The annual Church Mice Art Show brought in people from near and far on Saturday, May 14.
People crowded the Stettler United Church hall to see the art created by the members of the Church Mice art group in the past year, which, for the group, runs from September to May.
Joan Baltimore and Donna Lea Ginther help run the group and organize the show annually. It’s been going on for almost a decade now.
“It’s a culmination of the year’s paintings, and those from the previous year,” Baltimore said.
Ginther added, “It gives everybody a chance to look at our our art besides the art group.”
The artists of the group create art in different ways.

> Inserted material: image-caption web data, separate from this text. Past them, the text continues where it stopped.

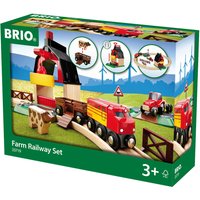 BRIO Farm Railway Set with red train, wooden tracks, barn, cow figure, and crane on colorful illustrated packaging.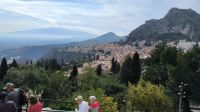 Sizilien. Taormina. Blick vom Amphitheater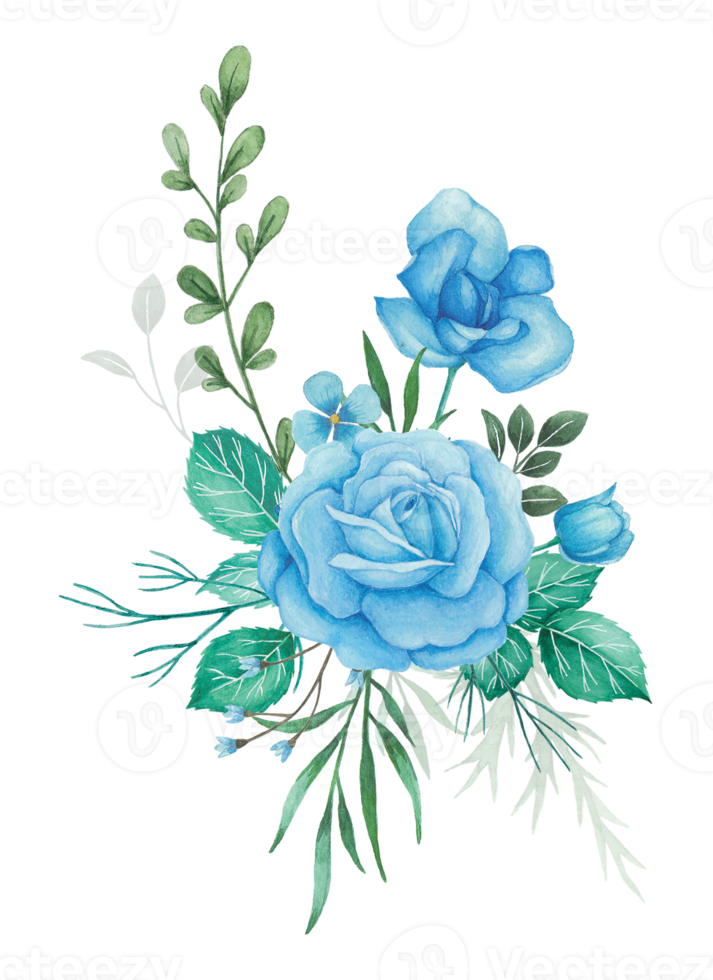 ramo de flores de acuarela con rosas azules y hojas verdes ilustración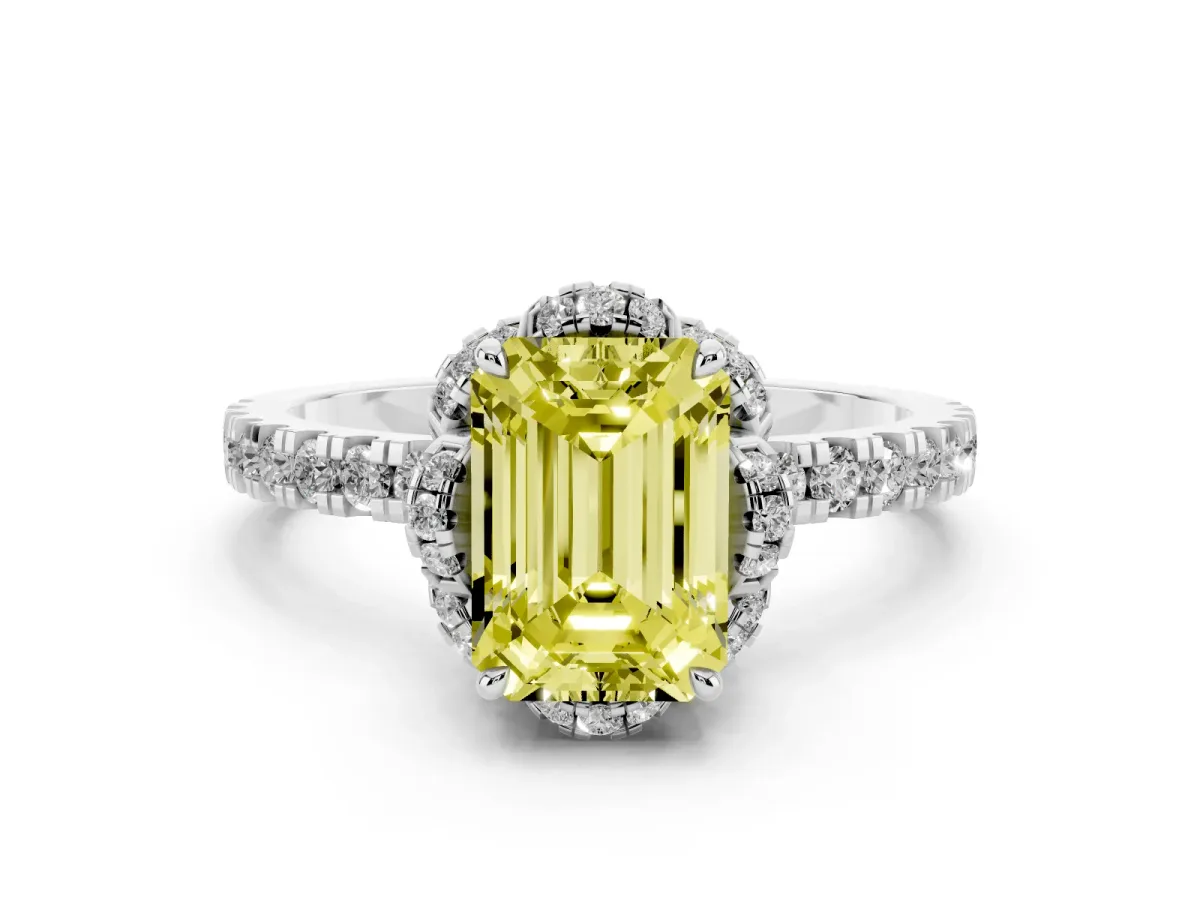 Fancy Yellow Emerald Cut Halo Diamond Pave Band Ring with Four-Prong Setting Silver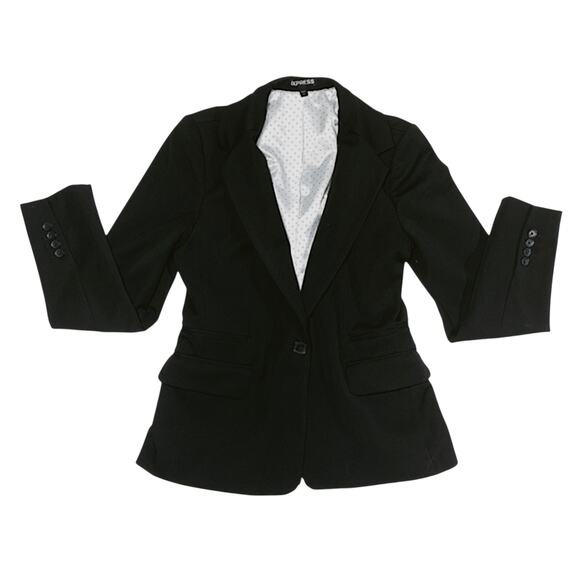 Express One-Button Black Blazer | Size 6 - Picture 1 of 5
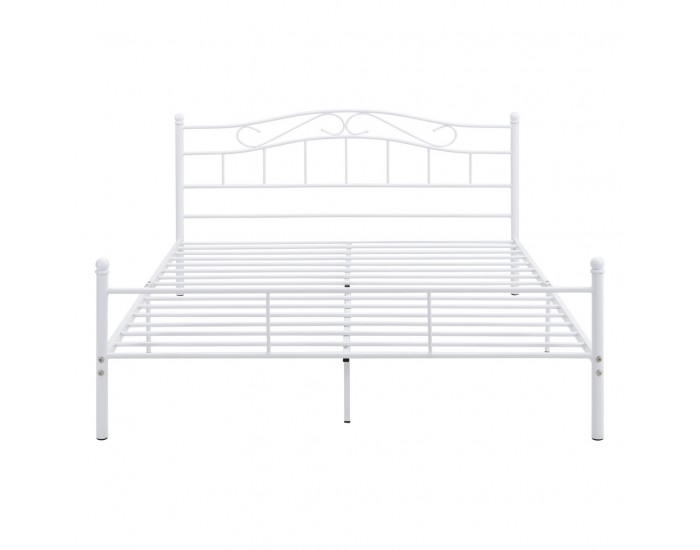 Двойно легло с метална рамка  - Бяло, 200 x 160 см -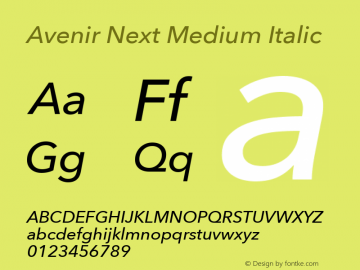 Avenir Next Medium Italic 8.0d5e5图片样张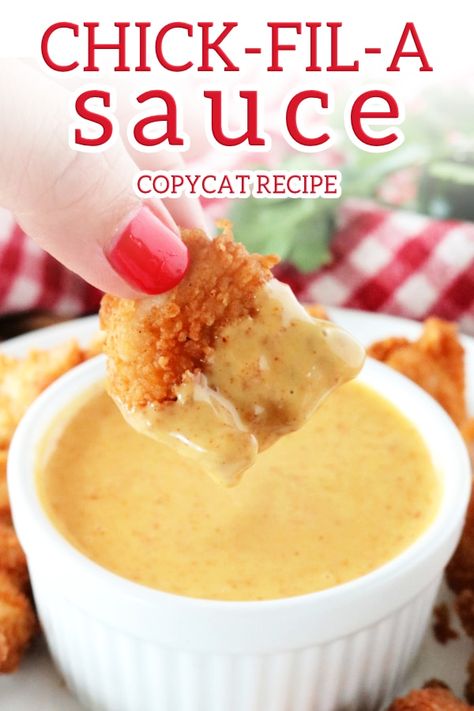 A Chick-Fil-A Sauce Recipe that tastes like a carbon copy of the real thing! Uncover what's in Chick-Fil-A Sauce and how to easily make it at home. #chickfila #chickfilasauce #dippingsauce #sauce #dip Honey Mustard Recipes, Chick Fil A Sauce, Carbon Copy, Copykat Recipes, Copycat Restaurant Recipes, Bbq Sauce Homemade, Chick Fil A, Homemade Sauce, Chicken Nuggets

Some use watercolours, others acrylics or oils. Some do mixed medium, incorporating charcoal, foils, and tissue paper into their art. Others paint china.
Right now, the group consists of only painters, but it would be nice to have people who work in other mediums, Baltimore and Ginther noted.
Some of the work was for sale while others were simply on display. The $2 admission covered snacks for the day, as well as the cost of the door prizes.
During the year, the group meets at the church every Wednesday between 10 a.m. and 3 p.m. There’s no fee to join and people of any age are welcome. A $2 tithe is collected at every meeting to help cover the cost of coffee and treats, with anything left over going back to the church in gratitude for the use of the space.
The Church Mice currently have about 15 members, and the membership is what makes the group work.
“I don’t think I’d paint at all if I didn’t have them,” Dorothy Anderson, a member, said. “I live nearby so I just walk over.”
The youngest and newest member of the group, Sandy Roenspies, had several pieces of art on display. It was her first year with the group.
“It’s been excellent,” she said. “We learn so much from each other. It’s a lot easier to be motivated in a group than it is alone.”
She said her work has improved greatly over the year, in part due to the feedback from fellow members.
“Sometimes you know something isn’t right, but you can’t put your finger on it,” she said. “Then they come and point it out. I’ve had really great feedback on my use of contrast between light and dark.”